Web3.0, métavers et leur influence sur l’industrie musicale

Crypto monnaie

Par Abhijit Nath

L’industrie de la musique est à un point d’inflexion très intéressant. Historiquement, la musique a changé de format dominant tous les 11 ans depuis 1920 – des cylindres de cire au vinyle aux cassettes aux CD en passant par iTunes et le streaming. Chaque format de musique alternatif regroupe et décompose la musique – après 11 ans de buffet à volonté de Spotify, il est temps de changer.

Le problème fondamental est le suivant : si toute la musique du monde est gratuite, aucune n’a de valeur, et la musique devient un format « lean back ». C’est pourquoi l’industrie de la musique est actuellement une industrie de 20 milliards de dollars (par opposition à l’industrie du jeu qui vaut environ 200 milliards de dollars).
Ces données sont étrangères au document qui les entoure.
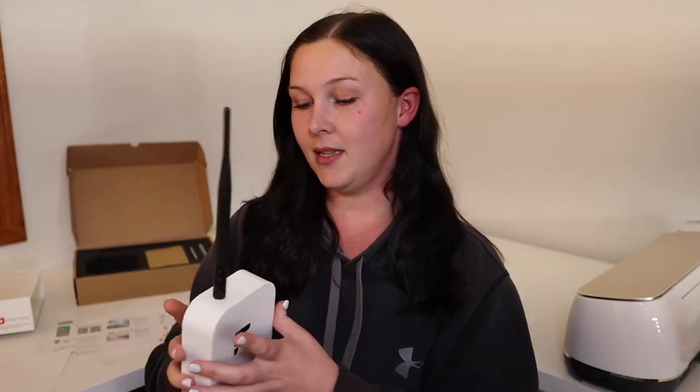This is what the miner looks like kind of put together. It's got the 2.6 dBi antenna here, which you cannot swap out for anything else. It's got the charging port in the back, along with a reset button on the side. It's also important to note that this one only uses Wi-Fi, so you can't connect this to an ethernet cable.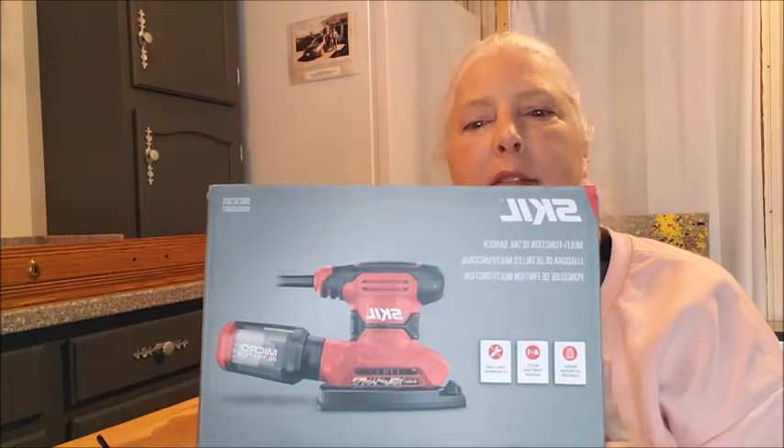Hello my friends, it's DIYs by Dar — one of the few times you've seen me on camera. I am five weeks post-op for my second hip replacement. I'm trying to get things back in order health-wise, and I really want to get going on furniture. I ordered myself a new sander and it is from Skill.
Au-delà des stars, presque aucun artiste ne gagne de l’argent grâce à son art. Les 1 % d’artistes les plus performants sur Spotify gagnent en moyenne 4 000 USD par mois, tandis que les 99 % d’artistes restants gagnent – attendez – 12 $ par mois. Il est temps pour un changement.

Au cours de l’année écoulée, de nombreuses discussions ont eu lieu sur la manière dont les artistes peuvent « reprendre » leur carrière en tirant parti de Web3. Des plateformes comme royal.io, sound.xyz et Catalog ont permis à une petite poignée d’artistes de percer – 3LAU a levé près de 12 millions de dollars auprès de ses fans en 2019, et de grandes stars comme les Chainsmokers, NAS et Diplo ont suivi. Les fans traditionnels, cependant, n’ont pas été enthousiasmés par cela – et c’est parce que la « propriété » ne suffit pas. Vous devez changer la façon dont les gens consomment de la musique.

A lire aussi  Le crash de la crypto-monnaie constitue-t-il une menace pour le système financier ?

En cette ère de faible durée d’attention, Tiktok et Snapchat, il y a une industrie qui attire toujours l’attention – les jeux. La musique peut en tirer de nombreuses leçons : rendre l’écoute de la musique immersive, rendre la musique elle-même interactive plutôt qu’immersive, faire de la sortie de nouvelles choses un événement. C’est ce que les gens veulent vraiment dire quand ils parlent de métaverse, l’autre mot à la mode de notre époque.

Mais encore une fois, les consommateurs n’ont pas afflué vers des plates-formes métavers comme Sandbox et Decentraland, et c’est parce qu’il n’y a pas assez à faire là-bas. Il n’y a pas assez d’activités, assez de ‘fun’. Ajoutez-les et vous avez un gagnant.

Alors, à quoi ressemble le futur de la musique ?

i) Un environnement immersif où les sorties musicales nouvelles et existantes

ii) La capacité des fans à montrer leur fandom de manière plus profonde qu’ils ne peuvent le faire dans la vraie vie

iii) Libérer la capacité de chacun à approfondir et à modifier la musique qu’il aime

iv) Propriété du contenu – Au cours des dix dernières années, nous nous sommes habitués à louer du contenu plutôt qu’à le posséder. Nous assistons déjà à un retour de bâton contre les jardins clos de Big Tech – cette tendance va s’accélérer.

v) Interopérabilité du contenu – Une fois que vous avez acheté du contenu en un seul endroit, vous pouvez l’utiliser sur Internet

L’avenir s’annonce plus grand, plus juste, plus créatif et plus déconcertant que celui auquel nous sommes habitués. Il est temps pour un changement.

###

L’auteur est fondateur et PDG, Alive

Laisser un commentaire

Votre adresse e-mail ne sera pas publiée.